My best wishes to all of you . . . for a weekend filled with peace and solace, time to rest -- and things that rekindle your inner spirit.

 


When Hope Looks Like Gratitude

All week long I look for . . . 

IMG_1378

And on Fridays I report back!

==

"When you can't be grateful for everything, be grateful for something."
        --- Anne McOmber

IMG_1428 2

Thanksgiving is coming. And I love Thanksgiving! It's my favorite holiday, hands down. Food. Family. Grateful hearts. Plenty of tradition - but without the weight and hype of Christmas. Mainly, I love cooking and sharing a big meal with people I love.

Tom and I have been trying to figure out a way to make our usual Thanksgiving "work" . . . in a pandemic. Erin's plans to join us this year were, of course, disrupted months ago. But we were hoping to salvage the feast for those of us geographically closer - Brian and Lauren and my dad. We had come up with all kinds of ideas. 

Maybe we could eat in the dining room with the windows open and an oscillating fan going?
Or maybe we could bring the table out to the garage, open the door, and invite Mr. Heater?
Or maybe the weather will cooperate and we could eat on the patio?
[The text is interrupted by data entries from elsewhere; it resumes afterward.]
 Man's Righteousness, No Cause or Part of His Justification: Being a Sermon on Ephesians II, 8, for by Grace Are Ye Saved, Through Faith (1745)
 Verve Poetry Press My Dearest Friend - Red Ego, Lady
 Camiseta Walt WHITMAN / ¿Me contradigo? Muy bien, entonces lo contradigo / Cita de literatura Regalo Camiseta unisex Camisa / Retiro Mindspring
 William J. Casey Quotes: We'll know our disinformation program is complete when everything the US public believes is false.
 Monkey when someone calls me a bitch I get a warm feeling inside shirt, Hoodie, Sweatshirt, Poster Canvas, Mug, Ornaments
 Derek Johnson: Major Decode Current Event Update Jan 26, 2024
So many ideas. And none of them very appealing. Especially against the backdrop of exploding Covid numbers here in Michigan -- and especially so in our part of the state, which is being hit particularly hard right now. With no coordinated plan in place (anywhere, as far as I can tell), we all need to take care of ourselves and make the best decisions for our families.

With heavy hearts, Tom and I have decided to cancel any attempt at an in-person Thanksgiving gathering this year. (Sorry, Mr. Heater.) We're still planning to cook the same meal we always cook -- just a day earlier. Then we'll pack up the meal and deliver it to Brian and Lauren and to my dad. We're planing a whole-family Zoom to celebrate. It'll be weird. And different. And a little sad. But we have a plan!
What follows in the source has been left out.